Choosing the right continuo instrument for the job is something that I have spent a large amount of time thinking about and a revelation about a (relatively) new theorbo has prompted me to write down some of my thoughts and observations about this very subject.
The first lute I owned was a 13 course ‘baroque’ lute in d minor tuning. As it was the only instrument I had in the beginning, I learnt to play both solo repertoire and continuo on this lute. After a few years, I bought a small English theorbo (a meagre 78cm) that I used in Italian tuning (that is to say in A with the top 2 courses at the lower octave). A few years later I upgraded to a more realistic (or historical, depending on your degree of fanaticism) Italianate theorbo with a string length of 88cm. That was better, but on occasions, if found this instrument couldn’t really make the kind of sound I wanted, especially for 18th century repertoire.
I wanted something with a brighter tone, something with more bite than the standard theorbo. I decided what I needed was an archlute. I got one, great. Problem solved..?
When I studied in London, I often read that the archlute gradually replaced the theorbo in the 18th century as the tessitura of the bass lines went progressively higher. It’s a nice idea, but it’s not exactly true…
If we look historically at where and when the archlute was really popular, we must look to Rome. In Rome we have tons of mentions of the archlute (as well as loads of obbligato parts – way more than we find elsewhere) in the 2nd half of the 17th and the first half 18th century, give or take a few decades. Corelli, Stradella, Colista, Lonati and many more all wrote obbligato parts for the archlute, as did Händel whilst in Rome.
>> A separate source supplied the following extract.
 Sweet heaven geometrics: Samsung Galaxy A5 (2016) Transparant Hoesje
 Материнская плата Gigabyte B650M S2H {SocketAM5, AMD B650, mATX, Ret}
So why was the archlute so darn popular in just Rome of all places?!
It seems as though pitch is the answer. We know now that the ‘standard’ pitch in Rome at this period was low – really low. Somewhere between A = 360 and A=392.
Most of the surviving Roman archlutes have really big bodies and long string lengths (somewhere between 72 – 77cm). The vast majority of the instruments people play on today have much shorter string-lengths and smaller body sizes – with good reason: with a top string (especially in gut), there is a physical limit to how the top string on a lute can be tuned before it breaks.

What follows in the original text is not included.